My crew of 3 and I will surely practice together before the race in different conditions so we are confident out there- this is one of the reasons I want my boat in the water before I leave. I keep it docked behind my parents house so my dad will keep an eye on it and give it some exercise every so often while I'm away. I also want to be able to just hop aboard my boat the moment I return 

I understand the weather is flaky in July with squalls one minute and dead calm seas the next, so we will prepare for that accordingly. I will take your advice and assign roles for food (I cannot live off of pretzels and candy) and we will organize shifts to maintain energy and alertness. I will check out John's article- thank you for that.

For the boat to UK, I will remain optimistic for a little longer that the internet and some friends of friends of friends will find me something. But as I said, if I don't find anything by February-ish I will need to look into plane tickets.

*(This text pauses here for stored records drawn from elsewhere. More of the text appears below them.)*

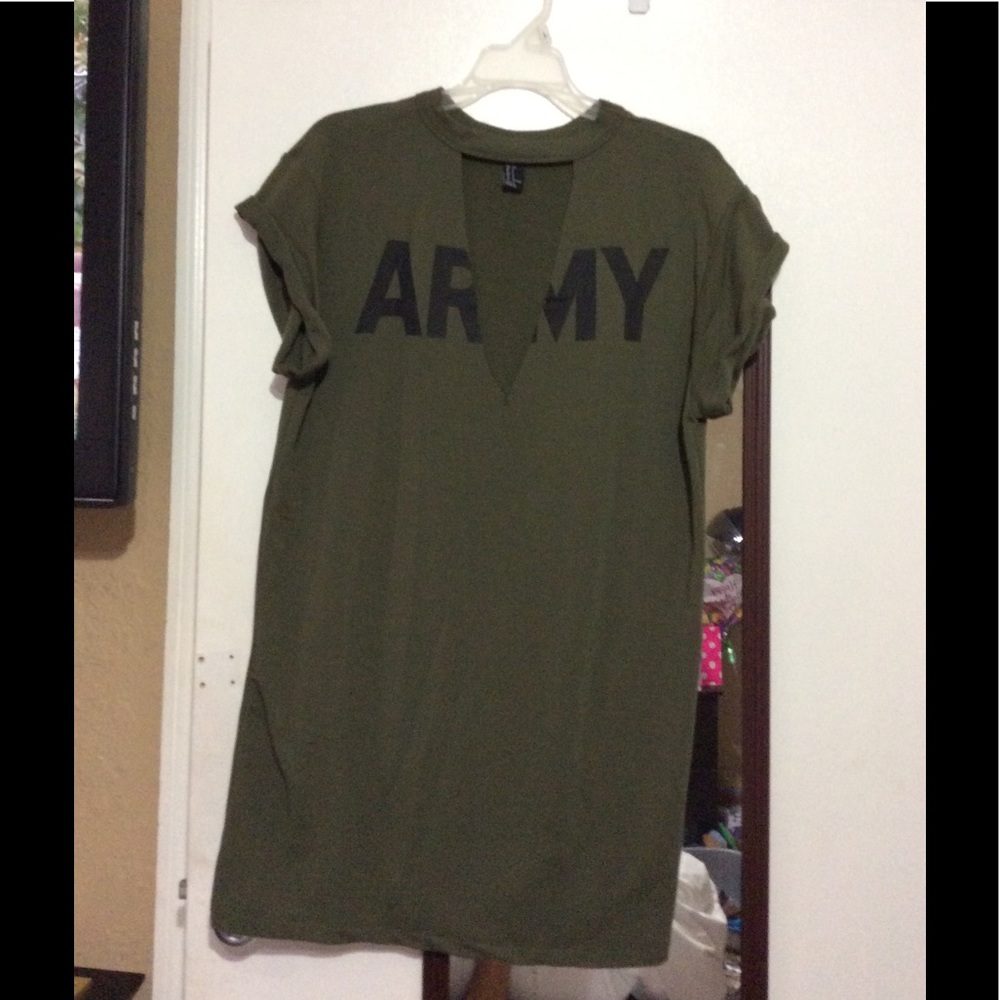 Forever 21 V-Neck Choker Dress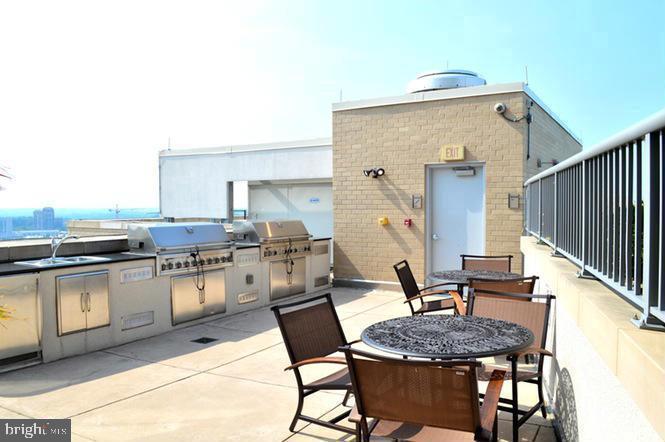 5750 BOU AVE #1904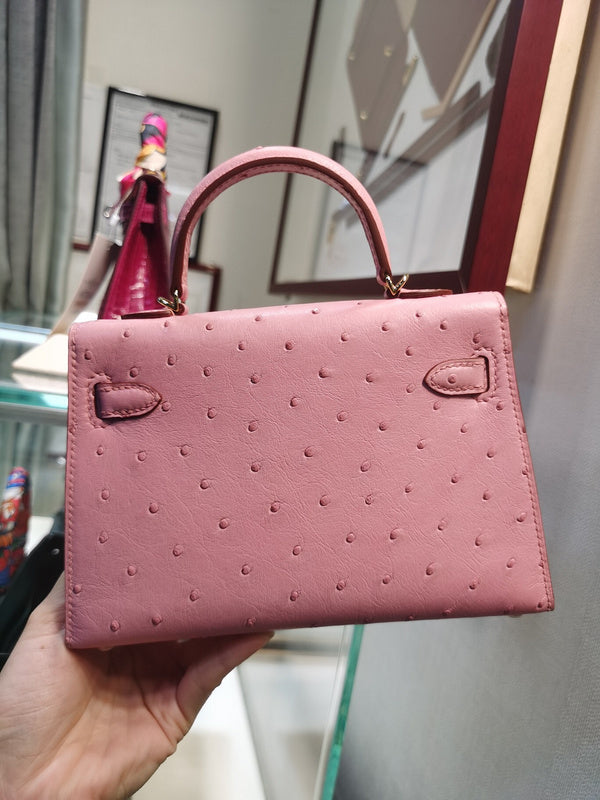 Side view of graceful structured handbag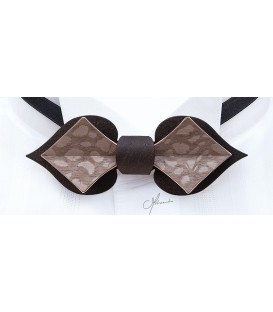 Bow tie in wood, Card in smoked Chestnut & tinted Louro-Faïa - MELISSAMBRE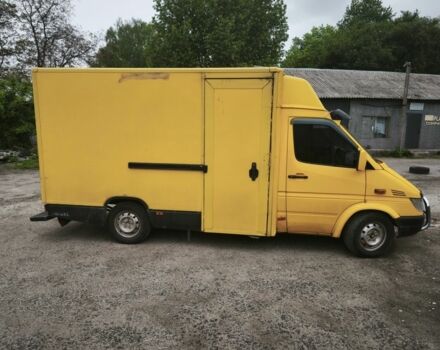 Жовтий Мерседес Sprinter, об'ємом двигуна 2.2 л та пробігом 615 тис. км за 6500 $, фото 3 на Automoto.ua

As for my boat, I'd say it's well-equipped for racing; I have 110 and 130 furling jibs, a 150 light air genoa, a whisker pole, but only one reef on my main. I also have a spinnaker that I want to get more familiar and confident with before the race, but I signed up for the non-spin division so I won't be using it during the race anyway.

As with any long distance sail, obviously I will be researching and plotting the potential routes and marking waypoints in my GPS. Thank you, Hudsonian, for the advice on entering the Sound. There are several variables that my team and I will need to consider and plan for to be ready for whatever comes our way. We still have plenty of time before the race, but I'm already super excited and want to prepare as much as possible because I know the spring and beginning of summer will fly by with what I have planned.


----------



## sailmedic (Dec 28, 2016)

Hi Fellow Island Boy,
The round LI Regatta sounds so cool. If you need extra crew let me know. In any case keep me updated.
God Bless,
Sailmedic


----------



## CalebD (Jan 11, 2008)

For the ALIR (or any race for that matter), if you find yourself in no-wind/low-wind situation with adverse current that overpowers your headway, anchoring is a valid strategy. Waiting for wind and/or current in one place beats drifting backwards.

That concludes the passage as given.